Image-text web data
++++++

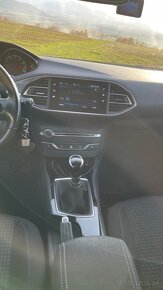 PEUGEOT 308 1.2 PureTech 75k KM perleť - 9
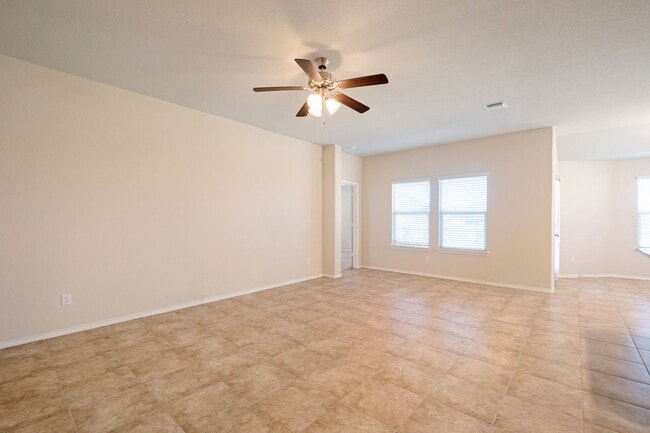 Building Photo - Spacious 3 Bedroom, 2 Bath Home in Jarrell w/ Easy Access to IH-35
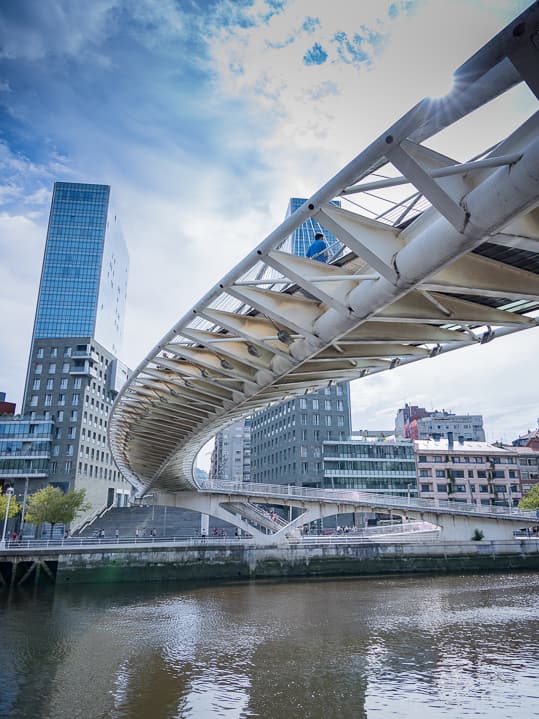 Santiago Calatrava’s Zubizuri bridge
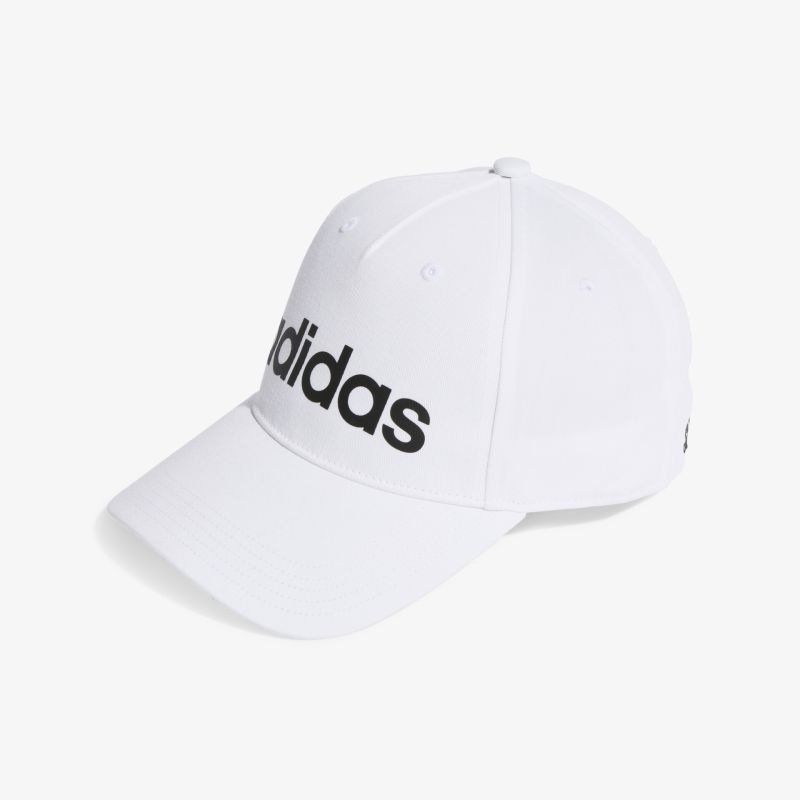 Weiße Baseballcap mit großem Logo auf der Vorderseite, klassisches Design mit gebogenem Schirm.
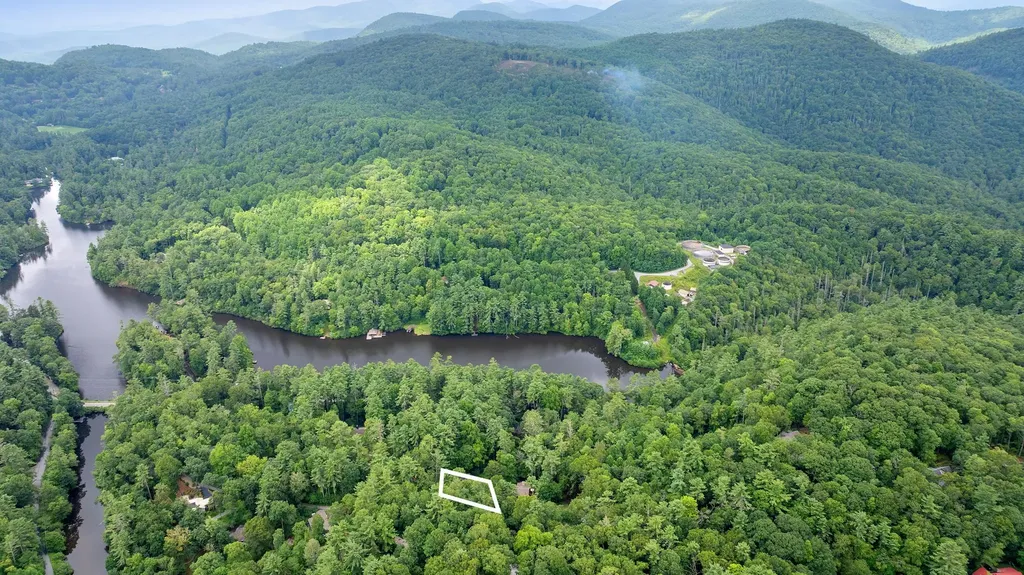 Tbd Sequoyah Drive Highlands NC 28741
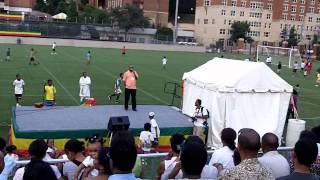 Abebe Belew cracks jokes at Festival [upl. by Nelan888]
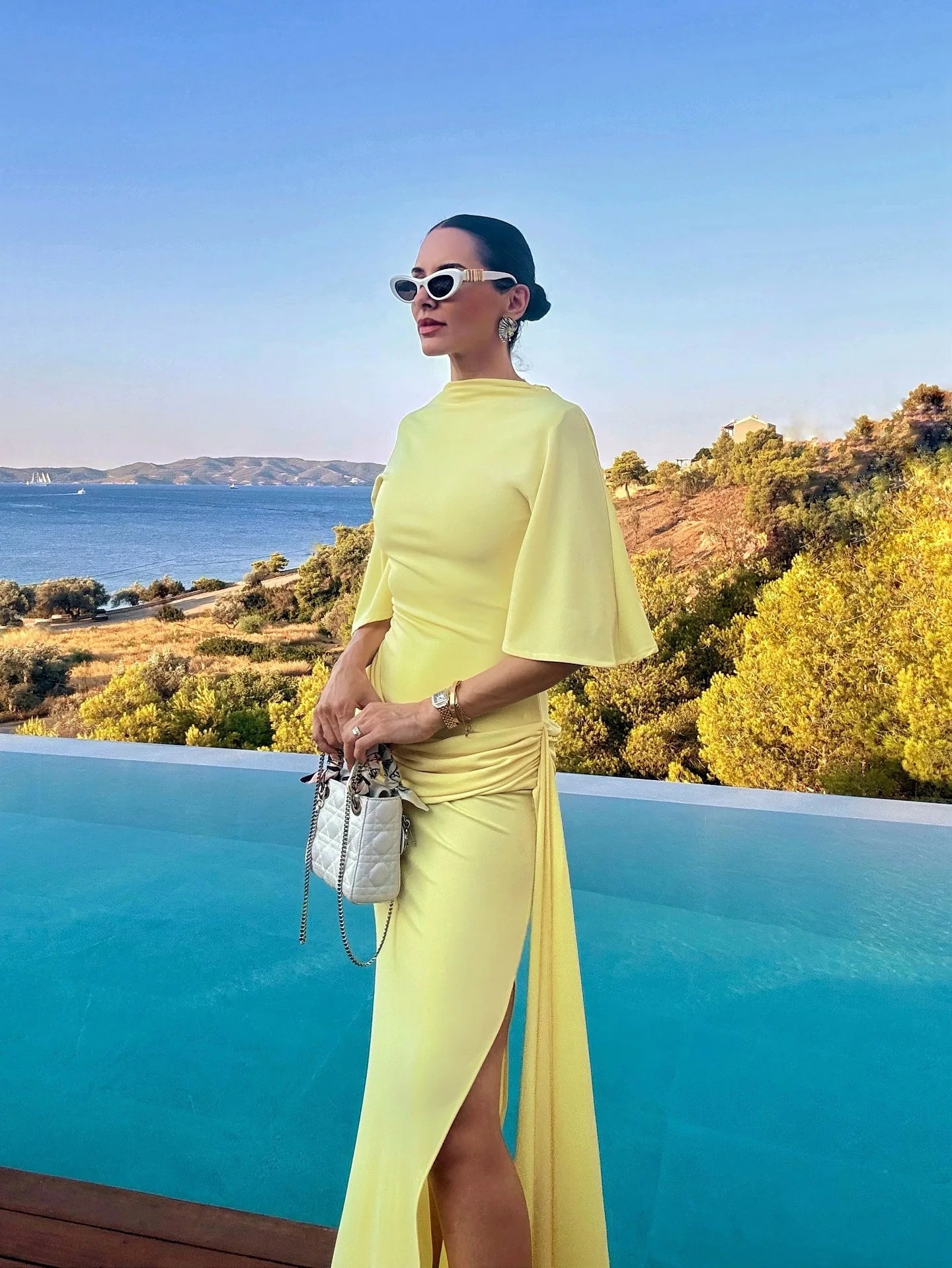 Robe Longue Jaune Élégante Dos Nu – Coupe Froncée et Féminine pour Soirées & Événements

++++++

* _WHAT TO DO_: What is needed is an exact restatement of the lines from the line with "Abebe Belew cracks" through the final line of the data, pictures excluded.

* _ANSWER AREA_:
 Abebe Belew cracks jokes at Festival [upl. by Nelan888]
 Robe Longue Jaune Élégante Dos Nu – Coupe Froncée et Féminine pour Soirées & Événements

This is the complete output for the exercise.